Many children won’t know much about the Royal Family yet. However several members of the family may remember something about Queen Elizabeth’s coronation, including grandparents and great-grandparents. They could tell the kids their experience of the event and any others they remember. It is a great way for children to bond with older members of their family while learning about their culture and the history of the Royal Family. Most grandparents will be over the moon to have been chosen and will feel very flattered that the little ones want to learn from them.
If you are going to a street party, bunting is the perfect accessory to take with you. It is up to you whether you make a paper or fabric version: Both are very simple but the fabric ones will at least survive if it rains. Simply cut out triangles of material and glue or sew them to some durable string or ribbon. Repeat as many times as you wish and voila!
Kids love to dress up and there is nothing better than becoming a queen or princess for the day with fancy dress. Since it is the Diamond Jubilee, a crown is very apt and can easily be made at home with a few arts and craft materials. Heavy card or foam sheets could form the base and it can then be decorated with sequins, glitter, paint, "diamonds" or anything your child wants.
Kids love baking and one of the best ways to involve them in Jubilee celebrations is to bake some tasty themed cakes, perfect to take to any celebrations you may be attending. Fairy cakes are one of the easiest options and kids can be creative with them by designing any topping they fancy. Use coloured icing in patriotic colours (red, white and blue) or baking supplies such as coloured balls and mini gems (diamonds?) to decorate the cakes. Many shops that stock specialist baking supplies have perfect Jubilee decorations for cakes, which could also be used.

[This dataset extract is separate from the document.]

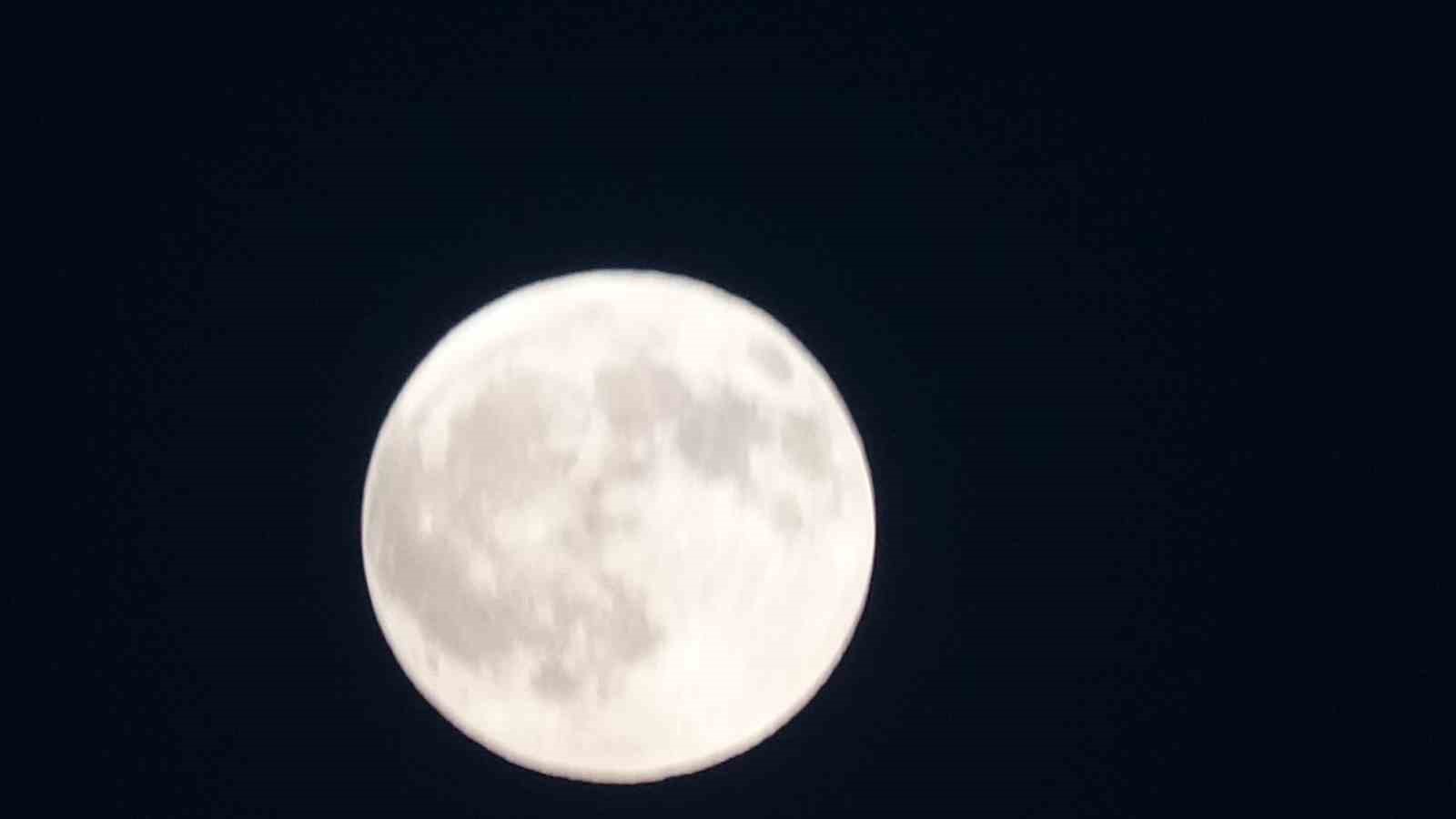 Van’da “Kanlı Ay Tutulması” görüldü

Kids don’t write nearly as much as they used to these days and so wouldn’t it be nice to sit down with your kids and pen a little congratulatory message to the Queen herself? Before you start writing it, talk about her reign, how old family members were at the time, historic events that have happened during her time on the throne and then ask your children to write down a few things they want to say to her. Then, together, help your little one(s) to write a letter, in their own handwriting, to the Queen and send it off to her. You may or may not receive a reply but it is a lovely bonding exercise for you both. And make sure you keep a copy to show them when they have grown up!